## Description of the task:
Pictures stay out; everything else in the listing below is to be restated word for word.

··· Data section

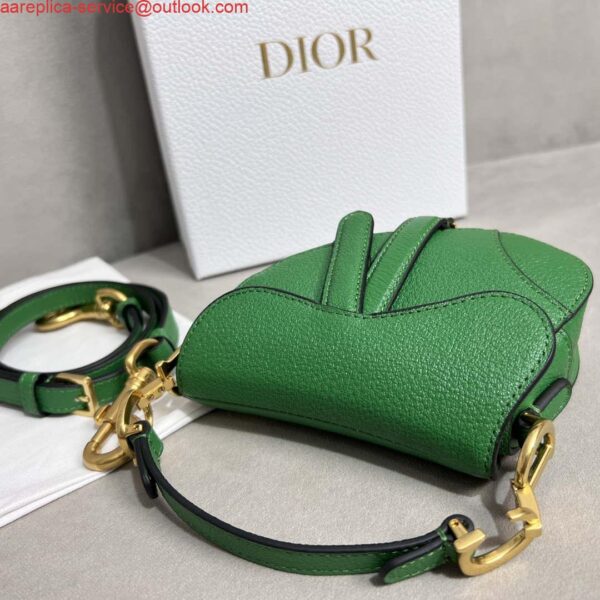 Replica Dior S5685 Micro Saddle Bag With Strap Scarlet Green Goatskin 8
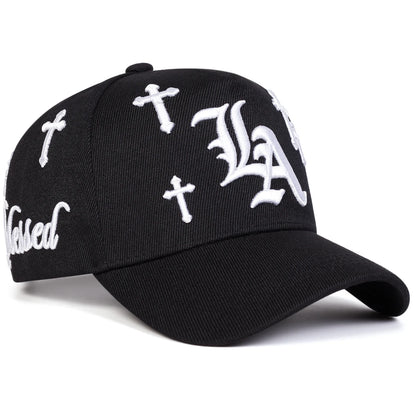 Unisex Gothic LA Cross Embroidery Baseball Caps Spring Autumn Outdoor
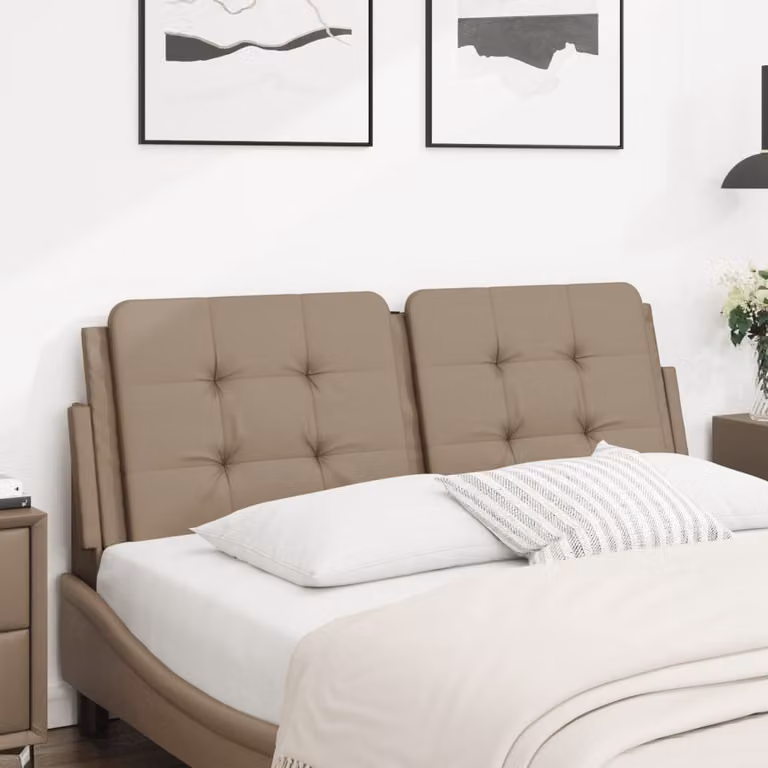 vidaXL Cuscino Testiera Zadar in Similpelle Colore Beige/Marrone Larghezza: 140 cm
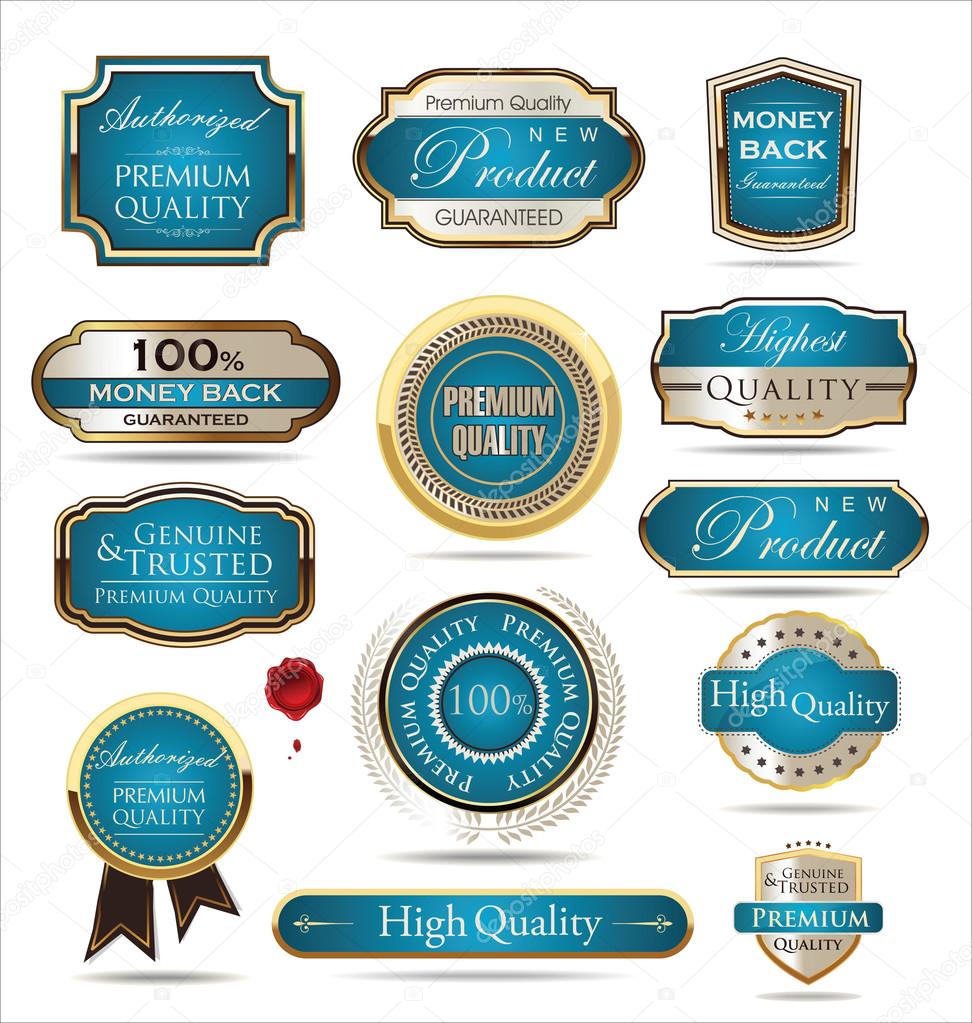 Premium quality blue labels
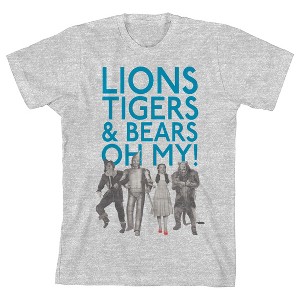 Wizard Of Oz Lions Tigers & Bears Oh My Crew Neck Short Sleeve Athletic Heather Girl's T-shirt - 1 of 1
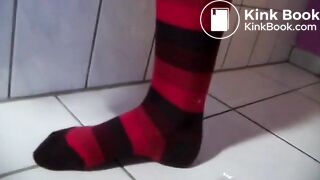 sexy skinny girl shits on floor again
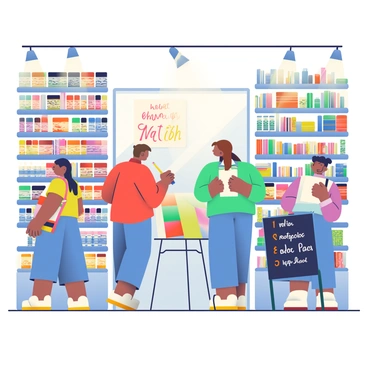 A bustling art supply shop in London features tall shelves filled with an array of colorful materials. On the left, there are neatly organized tubes of paint in various shades, ranging from vibrant reds to deep blues. To the right, stacks of sketchbooks with textured covers are displayed alongside a variety of brushes with different sizes and shapes. The shop has wooden flooring that reflects the warm light from overhead lamps. Customers of diverse backgrounds are exploring the shop, one examining a canvas while another is in front of a shelf filled with markers. A chalkboard sign near the entrance lists the day's specials in colorful chalk lettering.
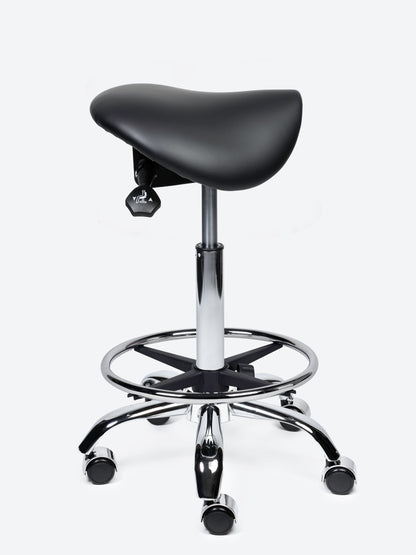 Ergonomische kantelbare Zadelkruk Zwart op wielen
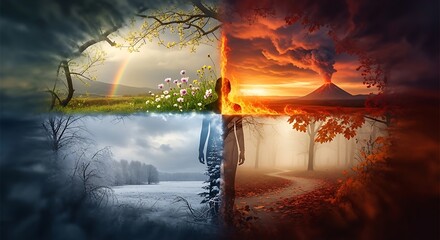 Naklejka premium Four seasons collage showing the transition from spring to winter. A human figure stands in the center, symbolizing humanity's place within the changing natural world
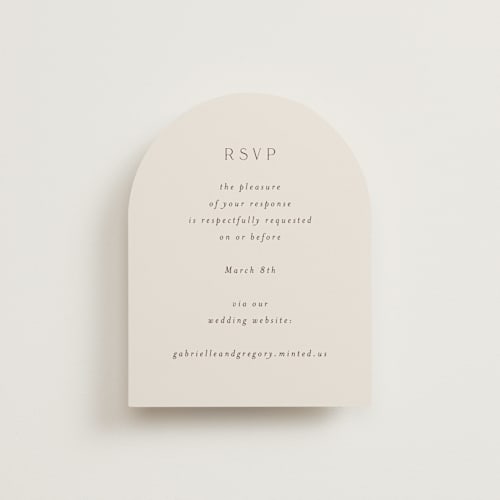 This is a ecru rsvp cards with standard by AK Graphics called palm printing on signature in standard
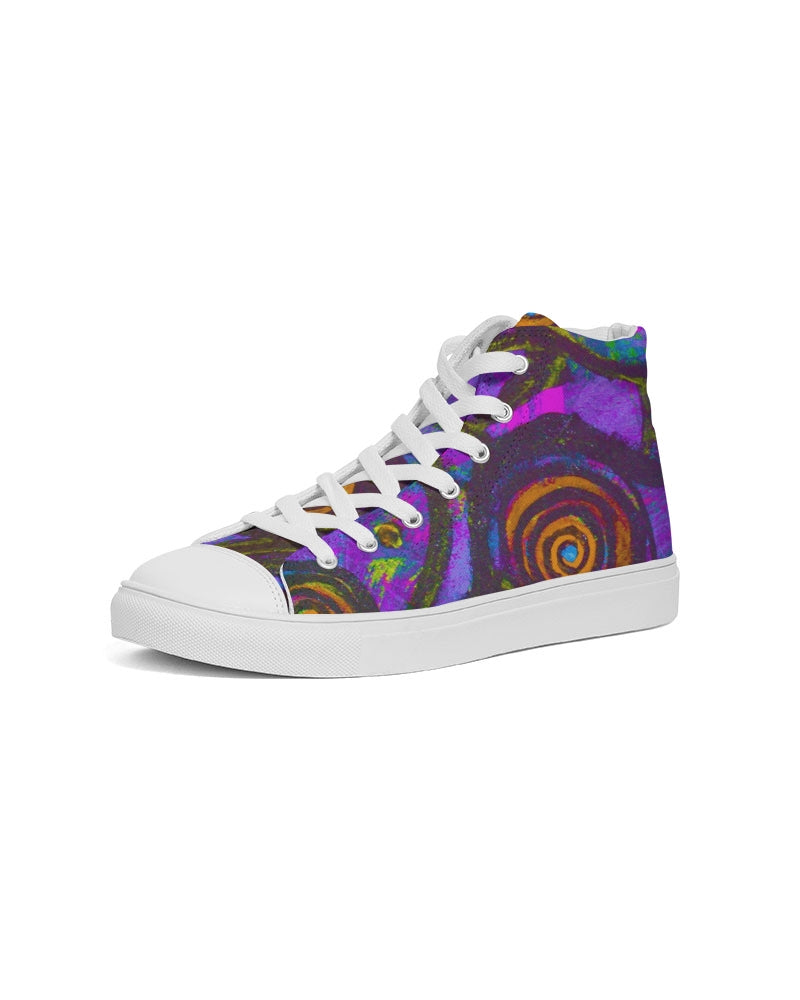 Stained Glass Frogs Purple Women's Hightop Canvas Shoe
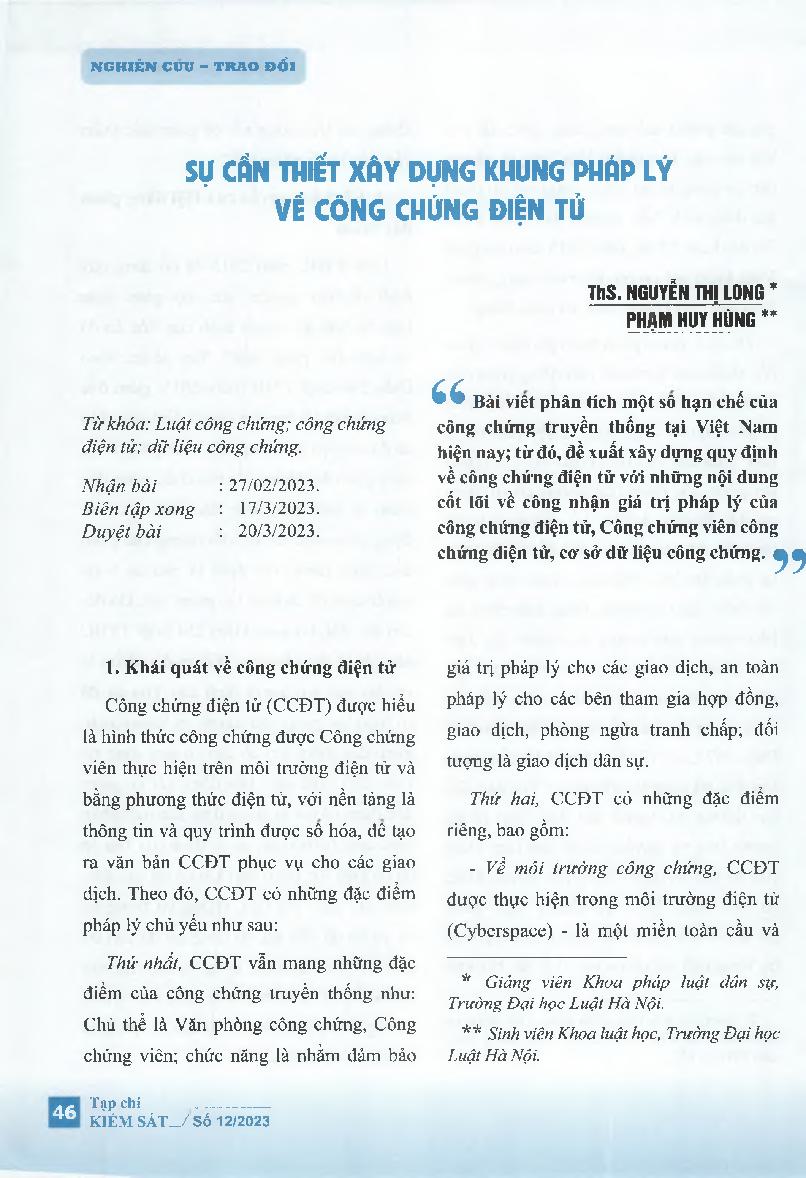 Sự cần thiết xây dựng khung pháp lý về công chứng điện tử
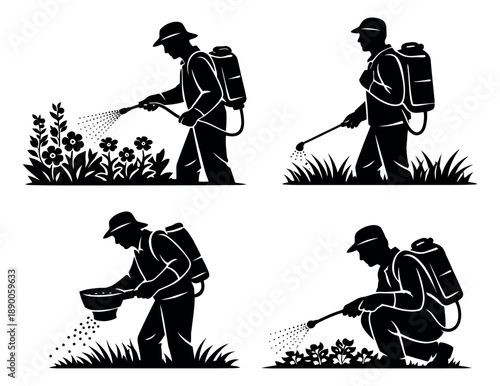 Silhouette graphic gardener set featuring a man spraying plants and applying fertilizer for gardening, agriculture, and pest control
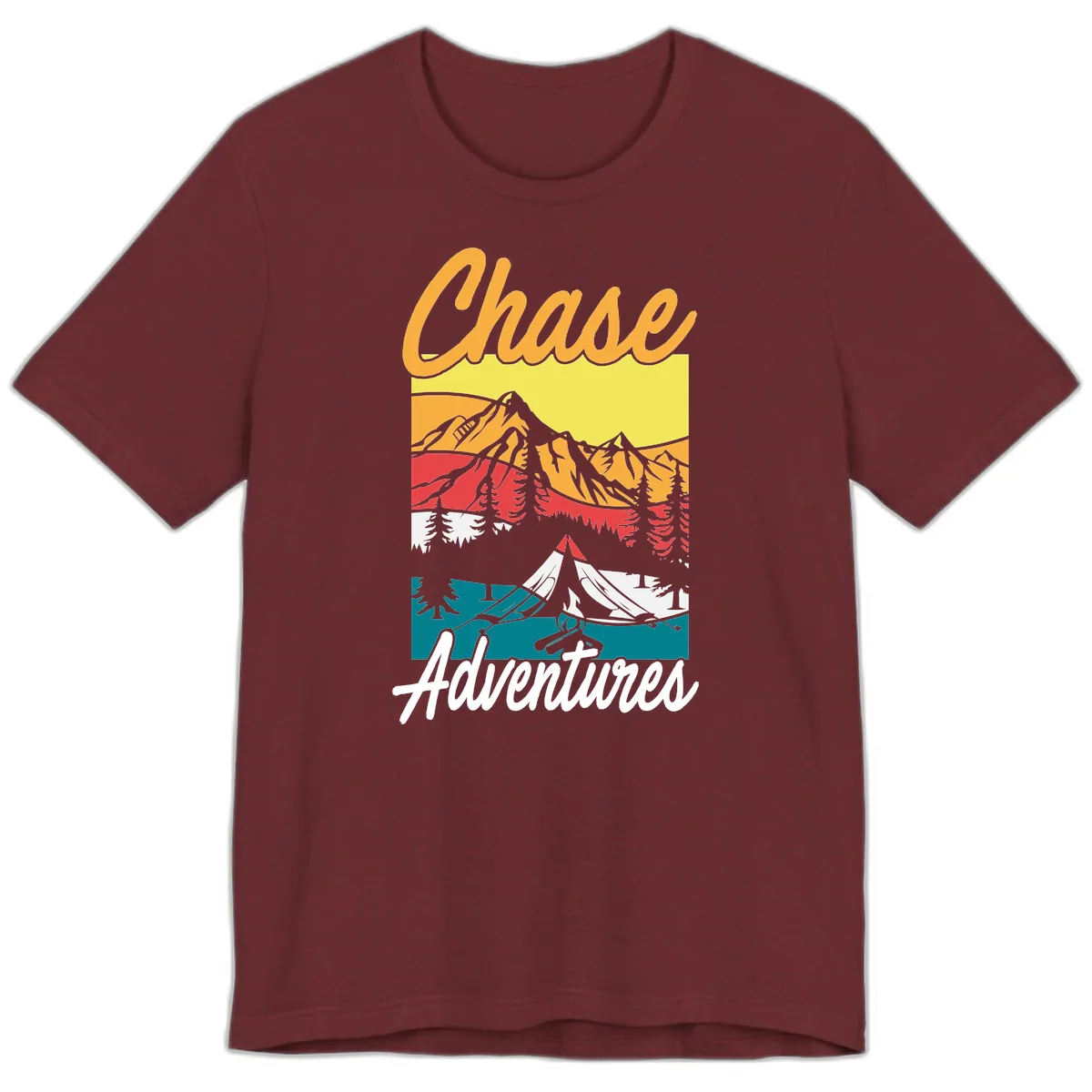 Chase Adventures Mountain Landscape Premium T-Shirt in Heather Cardinal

······

## Response below:
 Replica Dior S5685 Micro Saddle Bag With Strap Scarlet Green Goatskin 8
 Unisex Gothic LA Cross Embroidery Baseball Caps Spring Autumn Outdoor
 vidaXL Cuscino Testiera Zadar in Similpelle Colore Beige/Marrone Larghezza: 140 cm
 Premium quality blue labels
 Wizard Of Oz Lions Tigers & Bears Oh My Crew Neck Short Sleeve Athletic Heather Girl's T-shirt - 1 of 1
 sexy skinny girl shits on floor again
 A bustling art supply shop in London features tall shelves filled with an array of colorful materials. On the left, there are neatly organized tubes of paint in various shades, ranging from vibrant reds to deep blues. To the right, stacks of sketchbooks with textured covers are displayed alongside a variety of brushes with different sizes and shapes. The shop has wooden flooring that reflects the warm light from overhead lamps. Customers of diverse backgrounds are exploring the shop, one examining a canvas while another is in front of a shelf filled with markers. A chalkboard sign near the entrance lists the day's specials in colorful chalk lettering.
 Ergonomische kantelbare Zadelkruk Zwart op wielen
 Naklejka premium Four seasons collage showing the transition from spring to winter. A human figure stands in the center, symbolizing humanity's place within the changing natural world
 This is a ecru rsvp cards with standard by AK Graphics called palm printing on signature in standard
 Stained Glass Frogs Purple Women's Hightop Canvas Shoe
 Sự cần thiết xây dựng khung pháp lý về công chứng điện tử
 Silhouette graphic gardener set featuring a man spraying plants and applying fertilizer for gardening, agriculture, and pest control
 Chase Adventures Mountain Landscape Premium T-Shirt in Heather Cardinal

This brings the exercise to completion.